The 3 UT players must be trying to get the bad chess out of their system because they are playing very uneven chess. I guess they hope to do better in the US championship.

Mar-16-15  Strongest Force: Little slamming Sammy leads after 5 with 3.5 followed by Troof, Holt and two others with 3. In the game he lost Sevian might have had his best position out of the opening.
Mar-16-15
Premium Chessgames Member
  Kinghunt: <G/1 would be different however and they both know it.>

That may be true, but nobody cares about G/1.

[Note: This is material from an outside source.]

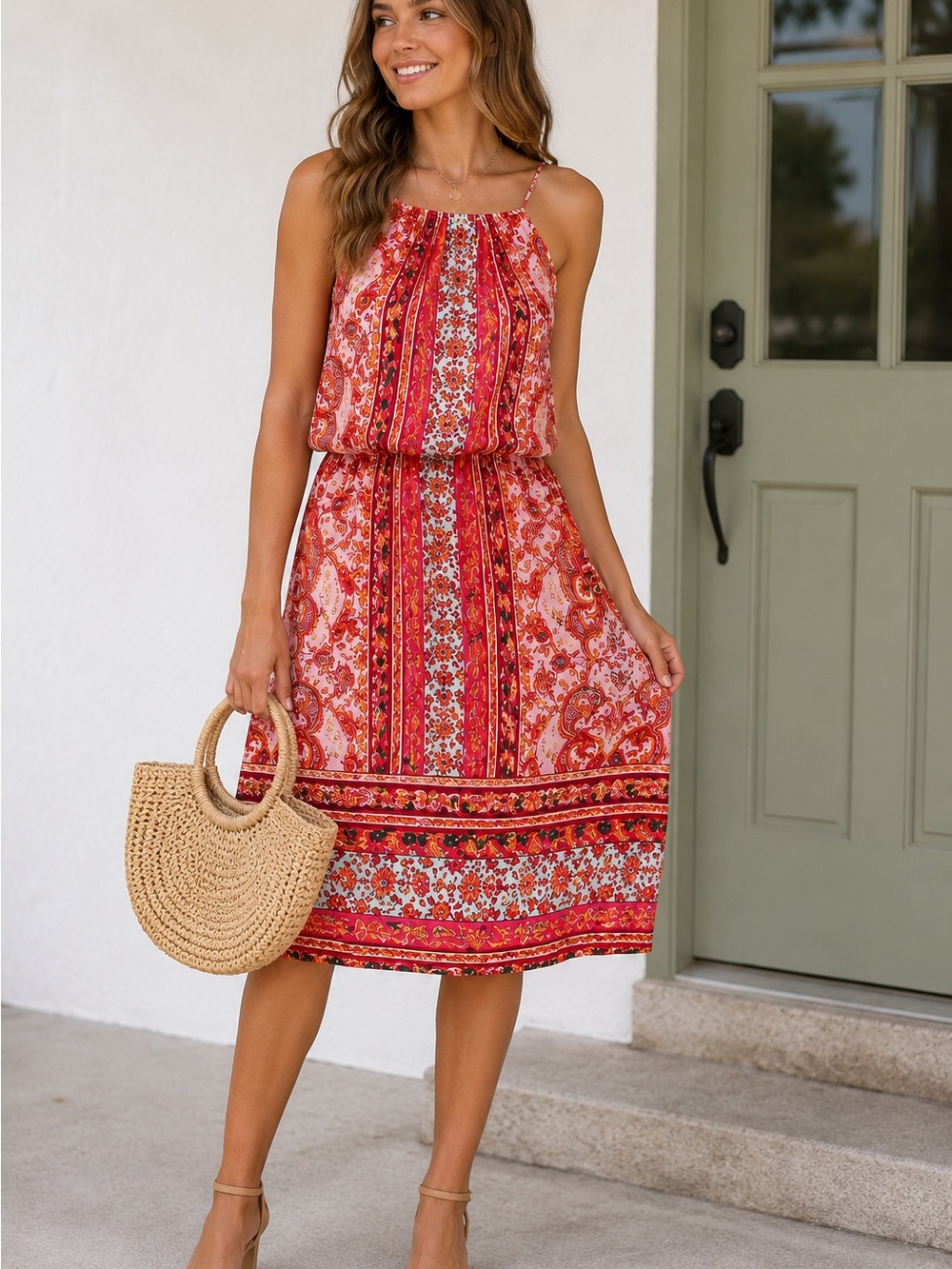 London Times Paisley Print Sleeveless Dress Size 6 Pink Boho Knee Length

Mar-16-15  Strongest Force: Kinghunt, Naka cares
Mar-16-15
Premium Chessgames Member
  Kinghunt: I bet that if you ask him, Naka would say he cares less about G/1 than about blitz, less about blitz than about rapid, and less about rapid than about classical. (He has made statements to that effect in numerous interviews.)
Mar-17-15  zborris8: Wrong!

<Kinghung: I bet that if you ask him, Naka would say he cares less about G/1 than about blitz>

Chris prefers G/1 to blitz, from the standpoint that he treats bullet much more seriously than blitz.

It was stated in a +40 min long interview that starts @1:32:05, but the answer to your question is @1:52:42:

http://www.twitch.tv/chess/b/636892...

Mar-17-15
Premium Chessgames Member
  perfidious: <Kinghung: I bet that if you ask him, Naka would say he cares less about G/1 than about blitz>

While <Kinghunt> is a knowledgeable contributor who often provides cogent analyses, I rather doubt he has ever made such a claim as you imply with your version of his handle, iffen ya git mah drift.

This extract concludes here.